-- Input records follows --

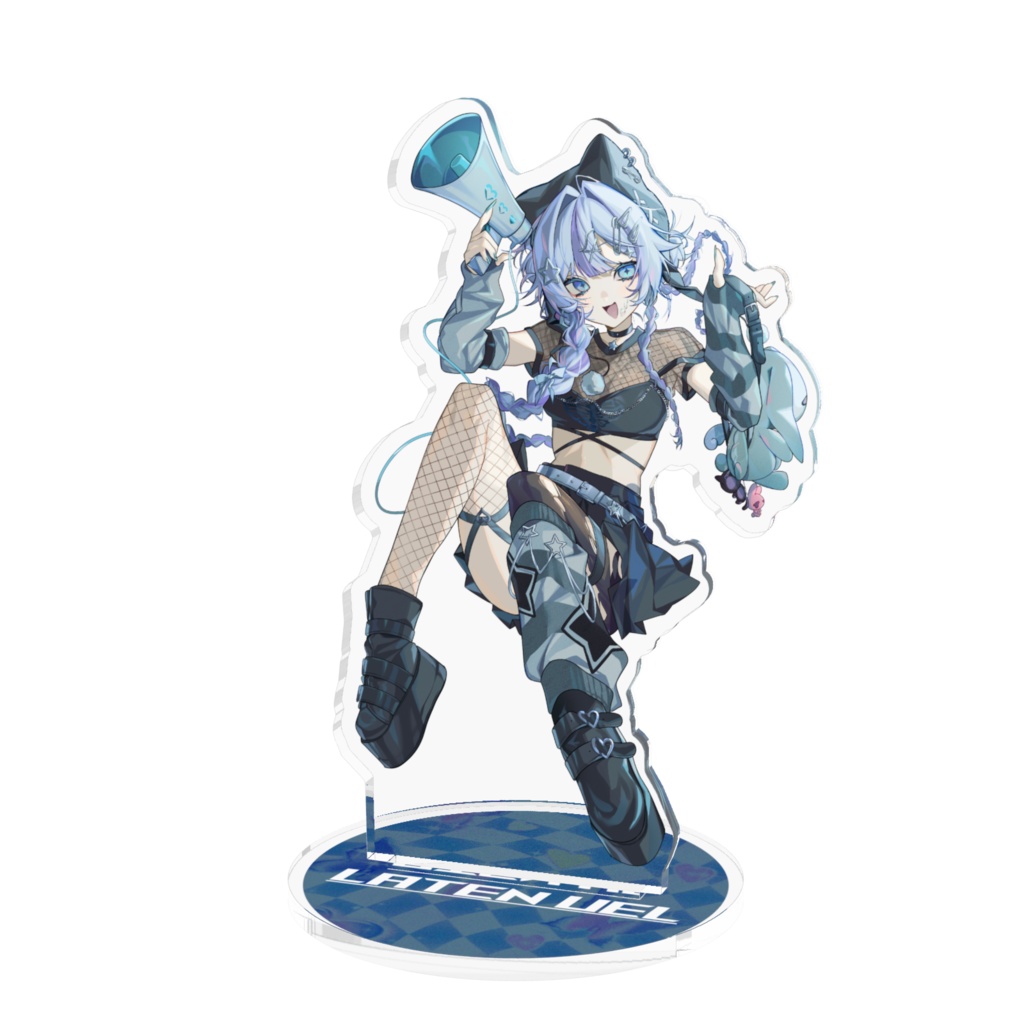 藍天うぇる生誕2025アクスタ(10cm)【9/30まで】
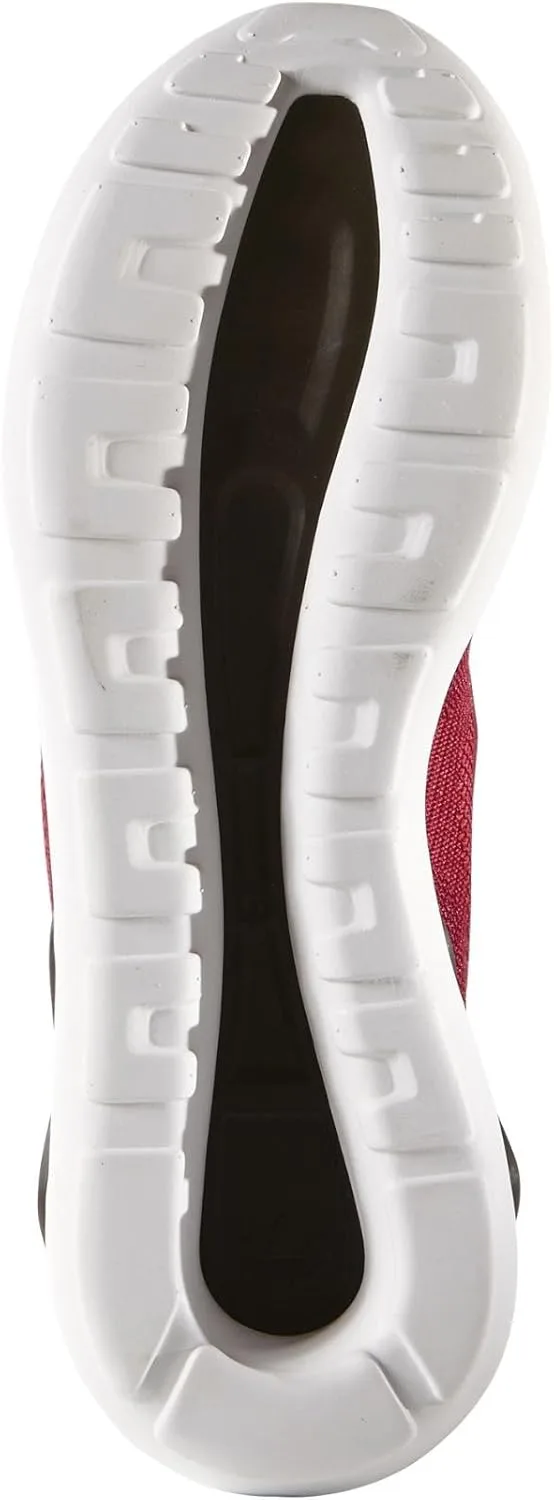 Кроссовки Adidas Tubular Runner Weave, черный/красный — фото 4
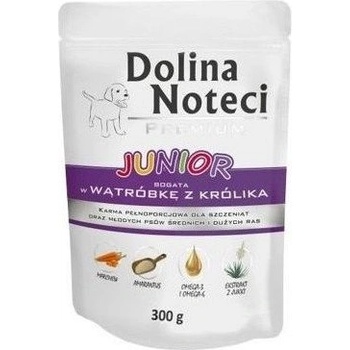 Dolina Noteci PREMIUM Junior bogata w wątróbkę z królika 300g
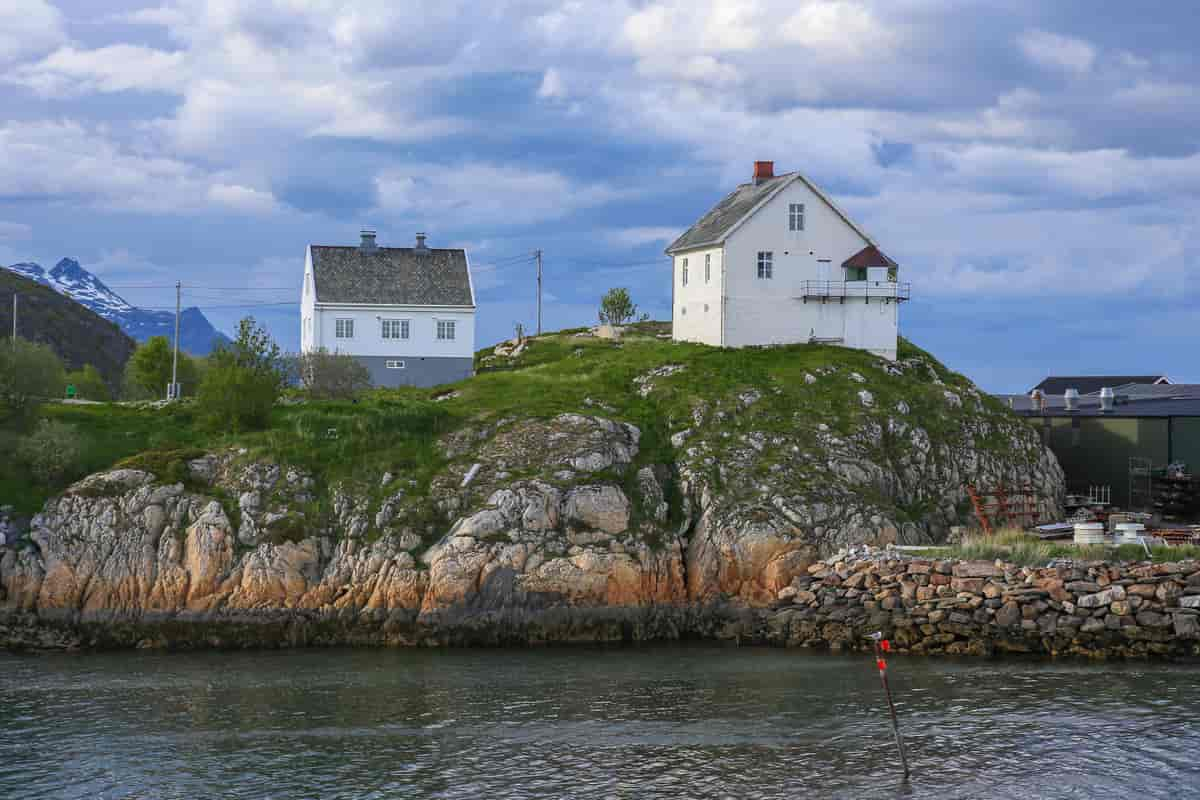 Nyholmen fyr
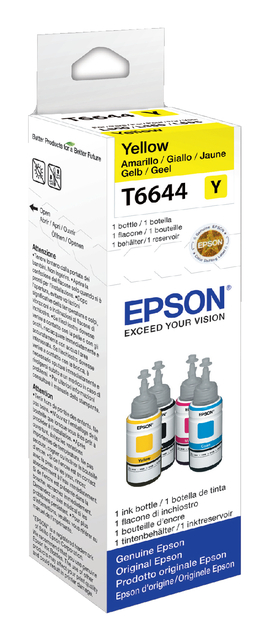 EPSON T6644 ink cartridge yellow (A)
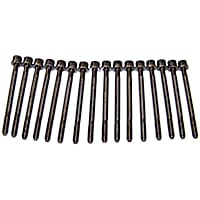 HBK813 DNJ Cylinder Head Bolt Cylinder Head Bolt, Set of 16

-- Input records concluded --
-- Input records follows --

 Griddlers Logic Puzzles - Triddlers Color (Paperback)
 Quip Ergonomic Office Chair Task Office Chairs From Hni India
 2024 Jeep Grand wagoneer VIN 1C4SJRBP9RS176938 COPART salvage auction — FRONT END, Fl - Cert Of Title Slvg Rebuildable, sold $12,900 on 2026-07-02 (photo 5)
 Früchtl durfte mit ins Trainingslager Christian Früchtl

-- Input records concluded --
-- Input records follows --

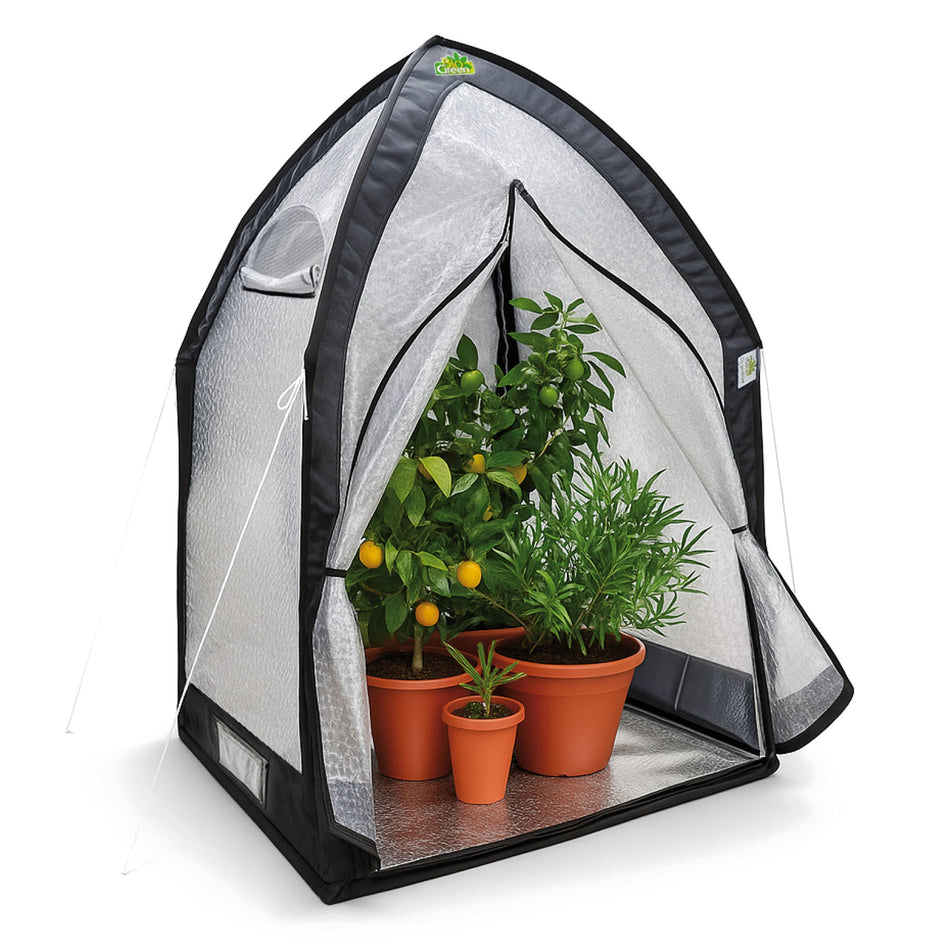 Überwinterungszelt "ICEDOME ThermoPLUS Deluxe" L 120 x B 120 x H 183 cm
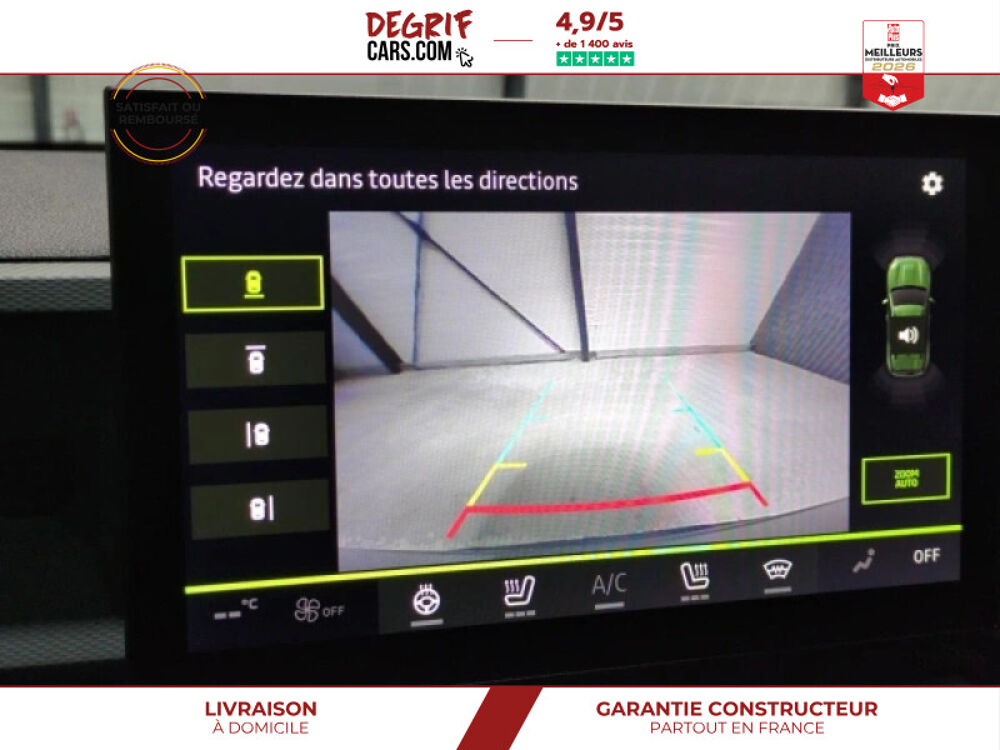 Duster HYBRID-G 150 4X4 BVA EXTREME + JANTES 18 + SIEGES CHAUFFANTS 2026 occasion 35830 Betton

-- Input records concluded --

Exercise prompt :: An exact, complete copy of the lines above from the one with "2024 Jeep Grand" through the one with "Früchtl durfte mit" is the whole answer.

Solved exercise ::
 2024 Jeep Grand wagoneer VIN 1C4SJRBP9RS176938 COPART salvage auction — FRONT END, Fl - Cert Of Title Slvg Rebuildable, sold $12,900 on 2026-07-02 (photo 5)
 Früchtl durfte mit ins Trainingslager Christian Früchtl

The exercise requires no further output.